シェアハウスというと、居住費を抑えたい若者向けのイメージが強いのではないだろうか。しかし、シェアハウス総合プラットフォーム「ひつじ不動産」を運営する株式会社ひつじインキュベーション・スクエアによると、近年、シェアハウスへの問い合わせが増えている中で最も多いのが、20代後半から30代前半の大人の女性利用者だという。(2017年3月調査より)

実際に、大人の女性の間でニーズは高まってきているのだろうか。また「大人の女性向け」としてシェアハウスを運営する際、オーナーとして心がけるべき点は何なのか。

多くの大人の女性たちに支持されるシェアハウスの企画・管理・運営を行うRバンクの金子智美さんに話を聞いた。

働く女性たちの選択肢のひとつになったシェアハウス

不動産業のRバンクは創業2年目の2008年にシェアハウス事業を開始。当時、巷ではシェアハウスではなく、ひと部屋にたくさんのベッドが並ぶゲストハウスが主流だった。

「私たちは、当初から分譲のワンルームマンションと同じレベルまで上げていきたい、と思っていました。そうすると、賃料も周りのワンルームの物件と同程度になってくる(*)。必然的に、入居される方もある程度収入がある方になります。

女性の晩婚化も進んでいますし、みなさんのキャリアもどんどん上がってきている。さらに、結婚しないという選択肢も出てきています。ただ、ひとりで暮らすには安全な世の中とは言い難い。また、大人になって初めて実家を出る女性は、ひとり暮らしよりも、帰ってくると灯りがついているような場所を求めているのでは、と思いました。
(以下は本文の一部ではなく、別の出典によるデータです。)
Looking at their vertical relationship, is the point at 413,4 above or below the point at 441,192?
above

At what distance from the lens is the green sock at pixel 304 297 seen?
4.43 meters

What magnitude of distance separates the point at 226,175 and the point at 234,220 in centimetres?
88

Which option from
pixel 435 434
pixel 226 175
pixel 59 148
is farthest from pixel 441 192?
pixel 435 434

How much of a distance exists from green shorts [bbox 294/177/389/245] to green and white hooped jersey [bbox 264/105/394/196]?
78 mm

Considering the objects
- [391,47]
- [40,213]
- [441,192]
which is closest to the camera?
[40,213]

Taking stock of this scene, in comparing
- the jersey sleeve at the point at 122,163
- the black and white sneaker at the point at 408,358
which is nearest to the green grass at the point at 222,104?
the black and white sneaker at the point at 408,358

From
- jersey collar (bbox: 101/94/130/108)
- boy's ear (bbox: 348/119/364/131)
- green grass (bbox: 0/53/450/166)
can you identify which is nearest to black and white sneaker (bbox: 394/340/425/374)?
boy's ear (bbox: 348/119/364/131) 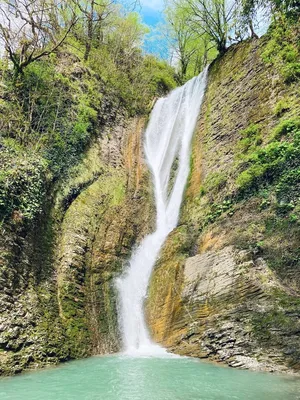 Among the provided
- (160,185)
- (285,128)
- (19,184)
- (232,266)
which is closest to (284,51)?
(285,128)

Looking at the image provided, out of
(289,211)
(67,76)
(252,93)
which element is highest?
(67,76)

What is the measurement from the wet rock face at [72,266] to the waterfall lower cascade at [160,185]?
0.45 m

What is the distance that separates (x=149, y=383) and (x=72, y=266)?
18.1 feet

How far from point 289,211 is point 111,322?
651 cm

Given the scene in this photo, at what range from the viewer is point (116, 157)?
17875 mm

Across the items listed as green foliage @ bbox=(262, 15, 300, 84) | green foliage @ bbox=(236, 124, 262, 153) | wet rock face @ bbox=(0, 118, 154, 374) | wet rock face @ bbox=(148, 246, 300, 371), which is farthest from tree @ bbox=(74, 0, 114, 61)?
Result: wet rock face @ bbox=(148, 246, 300, 371)

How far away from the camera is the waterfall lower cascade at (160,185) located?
11.1m

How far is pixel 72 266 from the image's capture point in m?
11.5

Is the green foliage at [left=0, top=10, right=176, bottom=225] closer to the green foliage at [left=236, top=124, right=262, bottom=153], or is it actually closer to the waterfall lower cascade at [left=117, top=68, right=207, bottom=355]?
the waterfall lower cascade at [left=117, top=68, right=207, bottom=355]

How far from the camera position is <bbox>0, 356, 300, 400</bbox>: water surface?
6039mm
安心感があって、デザイン力もある住まい。女性が自分のステータスを考えたときに、シェアハウスはひとつの選択肢になってきていると思います。その状況を見越して、我々のターゲットは当初から、20代後半から30代前半の働く女性、と設定していたんです」(金子さん)

*賃料

賃料は一般的な賃貸と比較。同社では、共益費は警備保障・水光熱費・清掃・インターネット含んで1万5000円。光熱費は、固定の方が実費のシェアハウスより手間もかからず、オーナーが安定して収益を得られるのでは、と考えているそう。

 

現行の賃料の相場(1R~1K)は場所による。現在の管理物件では、渋谷より45分以内の駅徒歩10分以内の東京、横浜市、川崎市で約 5.3~9万円、管理費 3000~5000円となっている。

Rバンクのシェアハウスに入る多くの女性が理由としてよく挙がるのが、「ひとり暮らしより防犯面で心配がないから」。隣人の男性が自分の家を覗き込んでいた、などの体験をすると、その家に帰るのが怖くなることも……。管理人が男性の場合はその心情を理解してもらいにくい。

「うちの女性専用シェアハウスでは巡回もアルバイトも清掃もすべて、女性が行うように徹底しています。そのあたりが安心感を持っていただいているようです」(金子さん)

90%の稼働率を誇るRバンクのシェアハウス。高い稼働率を誇る裏には、女性目線の細かい気配りのほか、運営面におけるこだわりもあった。

高稼働になるシェアハウスの秘密

不動産業で培ってきた住宅への知識は、シェアハウス運営にも生きている。

「うちのシェアハウスは、まずオーナーさんにシェアハウスとして必要な工事費・設営費を出していただき、入居者さんを募集・管理しています。そうなるときちんとオーナーさんに対価を払わなければなりません。まずはどこにお金をかけてどこを抑えるかなどについてコンサルティングさせていただき、ご納得してくださったオーナーさんとお取引させていただいています。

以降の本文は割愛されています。